The biggest cost, though, is the 1.25% of premium capacity that syndicates contribute to what Lloyd's calls its “Central Fund” (a separate 2% premium levy ended last year). This is a pool of money, currently around £700m, established to provide backing for syndicates overwhelmed by losses. (It is separate from Equitas, the fund that is running off or settling all pre-1993 liabilities.) In 2002 claims on the central fund reached £466m, much of it in the wake of September 11th.
The backing of the central fund allows syndicates to underwrite huge risks, such as satellites, that they would not be able to handle alone. But there are constant tensions. In binding arbitration begun last year Lloyd's says Swiss Re and five others that provided insurance to the central fund should pay for some of the losses caused by the September 11th attacks. The insurers argue the £500m contract is invalid.
More generally, big syndicates complain that smaller ones free-ride on Lloyd's deep pockets and good credit. And everyone feels that they are being squeezed for a disproportionate share of capital. The squeals will only grow louder assuming Lloyd's follows through on plans to triple central-fund holdings to £2 billion by 2008, although Lloyd's might introduce a system that allows syndicates to make loans to the fund in addition to the annual levies.
And as the centre grows ever more muscular, the Lloyd's gossip machine is starting to speculate about where it will all end up.

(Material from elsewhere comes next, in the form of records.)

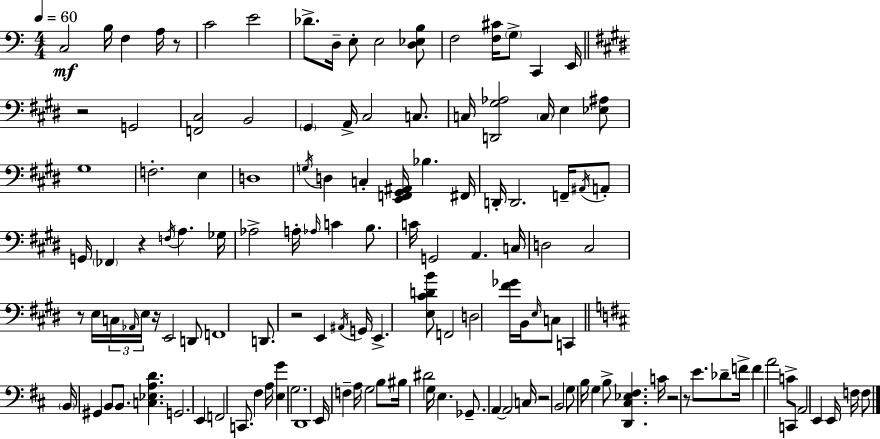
{
  \clef bass
  \numericTimeSignature
  \time 4/4
  \key c \major
  \tempo 4 = 60
  c2\mf b16 f4 a16 r8 | c'2 e'2 | des'8.-> d16-- e8-. e2 <d ees b>8 | f2 <f cis'>16 \parenthesize g8-> c,4 e,16 | \break \bar "||" \break \key e \major r2 g,2 | <f, cis>2 b,2 | \parenthesize gis,4 a,16-> cis2 c8. | c16 <d, gis aes>2 \parenthesize c16 e4 <ees ais>8 | \break gis1 | f2.-. e4 | d1 | \acciaccatura { g16 } d4 c4-. <e, f, gis, ais,>16 bes4. | \break fis,16 d,16-. d,2. f,16-- \acciaccatura { ais,16 } | a,8-. g,16 \parenthesize fes,4 r4 \acciaccatura { f16 } a4. | ges16 aes2-> a16-. \grace { aes16 } c'4 | b8. c'16 g,2 a,4. | \break c16 d2 cis2 | r8 e16 \tuplet 3/2 { c16 \grace { aes,16 } e16 } r16 e,2 | d,8 f,1 | d,8. r2 | \break e,4 \acciaccatura { ais,16 } g,16 e,4.-> <e cis' d' b'>8 f,2 | d2 <fis' ges'>16 b,16 | \grace { e16 } c8 c,4 \bar "||" \break \key d \major \parenthesize b,16 gis,4 b,8 b,8. <c ees a d'>4. | g,2. e,4 | f,2 c,8. fis4 a16 | <e g'>4 g2. | \break d,1 | e,16 f4-- a16 g2 b8 | bis16 dis'2 g16 e4. | ges,8.-- a,4~~ a,2 c16 | \break r2 b,2 | g8 b16 g4 b8-> <d, cis ees fis>4. c'16 | r2 r8 e'8. des'8-- f'16-> | f'4 a'2 c'8-> c,8 | \break a,2 e,4 e,16 f16 f8 | \bar "|."
} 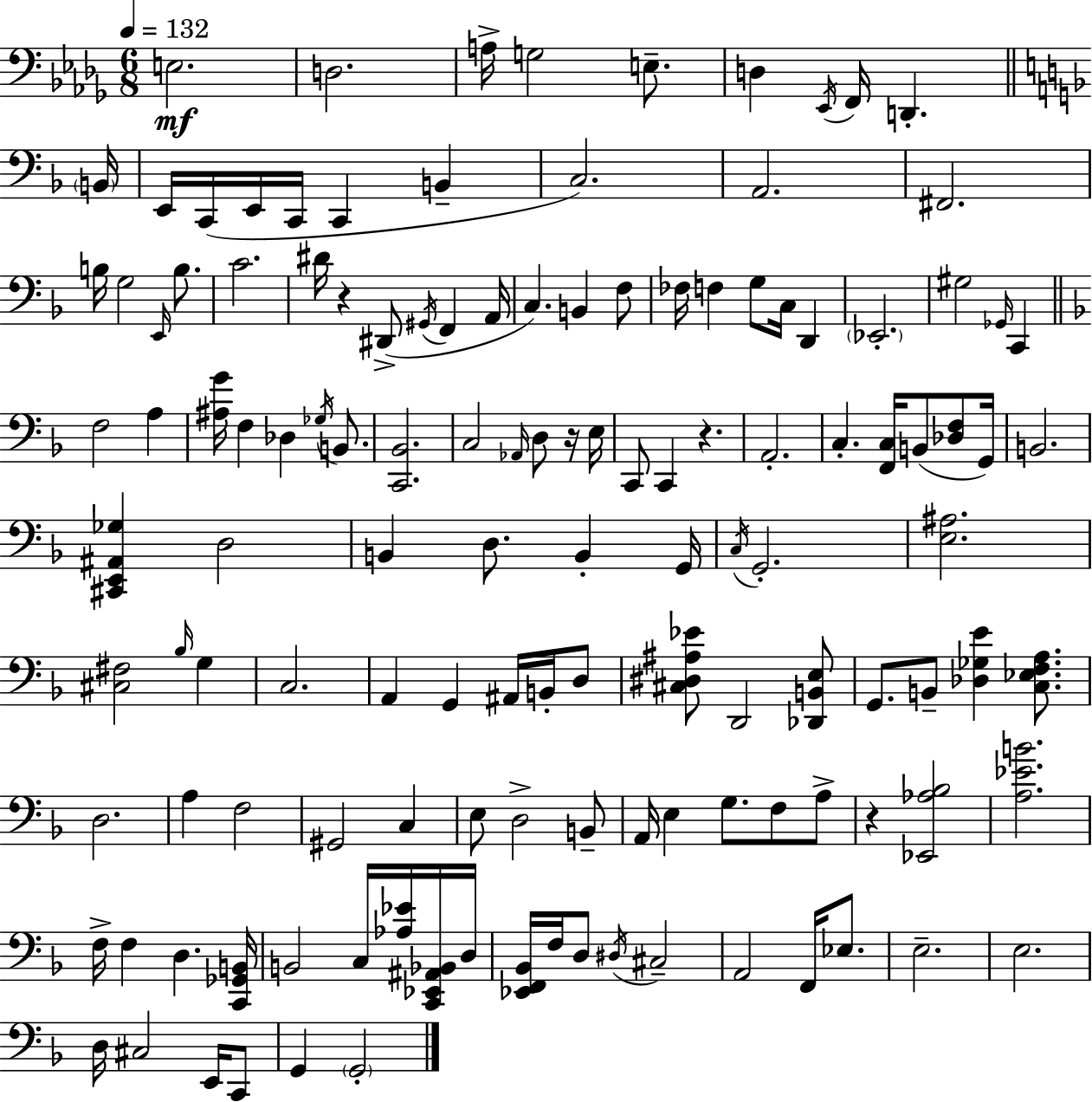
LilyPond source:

{
  \clef bass
  \numericTimeSignature
  \time 6/8
  \key bes \minor
  \tempo 4 = 132
  e2.\mf | d2. | a16-> g2 e8.-- | d4 \acciaccatura { ees,16 } f,16 d,4.-. | \break \bar "||" \break \key d \minor \parenthesize b,16 e,16 c,16( e,16 c,16 c,4 b,4-- | c2.) | a,2. | fis,2. | \break b16 g2 \grace { e,16 } b8. | c'2. | dis'16 r4 dis,8->( \acciaccatura { gis,16 } f,4 | a,16 c4.) b,4 | \break f8 fes16 f4 g8 c16 d,4 | \parenthesize ees,2.-. | gis2 \grace { ges,16 } | c,4 \bar "||" \break \key f \major f2 a4 | <ais g'>16 f4 des4 \acciaccatura { ges16 } b,8. | <c, bes,>2. | c2 \grace { aes,16 } d8 | \break r16 e16 c,8 c,4 r4. | a,2.-. | c4.-. <f, c>16 b,8( <des f>8 | g,16) b,2. | \break <cis, e, ais, ges>4 d2 | b,4 d8. b,4-. | g,16 \acciaccatura { c16 } g,2.-. | <e ais>2. | \break <cis fis>2 \grace { bes16 } | g4 c2. | a,4 g,4 | ais,16 b,16-. d8 <cis dis ais ees'>8 d,2 | \break <des, b, e>8 g,8. b,8-- <des ges e'>4 | <c ees f a>8. d2. | a4 f2 | gis,2 | \break c4 e8 d2-> | b,8-- a,16 e4 g8. | f8 a8-> r4 <ees, aes bes>2 | <a ees' b'>2. | \break f16-> f4 d4. | <c, ges, b,>16 b,2 | c16 <aes ees'>16 <c, ees, ais, bes,>16 d16 <ees, f, bes,>16 f16 d8 \acciaccatura { dis16 } cis2-- | a,2 | \break f,16 ees8. e2.-- | e2. | d16 cis2 | e,16 c,8 g,4 \parenthesize g,2-. | \break \bar "|."
}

Is incorporation on the horizon? Might Lloyd's demutualise and transform itself into a limited company? Mr Prettejohn rebuffs such suggestions, noting that Lloyd's has no source of income that could generate value for external shareholders.
The market gossips, however, will not be denied. Mr Hiscox predicts eventual incorporation or even a takeover bid for the market. At the moment, he says, the key impediment to such progress is the continuing presence of the names. They would have to be bought out, and some may refuse to go. Today's names will die off, and Lloyd's is not allowing any new ones to join with unlimited liability. Meanwhile, central management will carry on trying to drag the rest of this ornery market, kicking and screaming, into the modern era.